» **INSTRUCTIONS TO FOLLOW**: Line by line, output the data that follows exactly as written.

» **GIVEN MATERIAL**:

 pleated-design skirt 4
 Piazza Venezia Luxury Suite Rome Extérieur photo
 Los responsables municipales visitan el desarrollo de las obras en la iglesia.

» **EXERCISE SOLUTION**:
 pleated-design skirt 4
 Piazza Venezia Luxury Suite Rome Extérieur photo
 Los responsables municipales visitan el desarrollo de las obras en la iglesia.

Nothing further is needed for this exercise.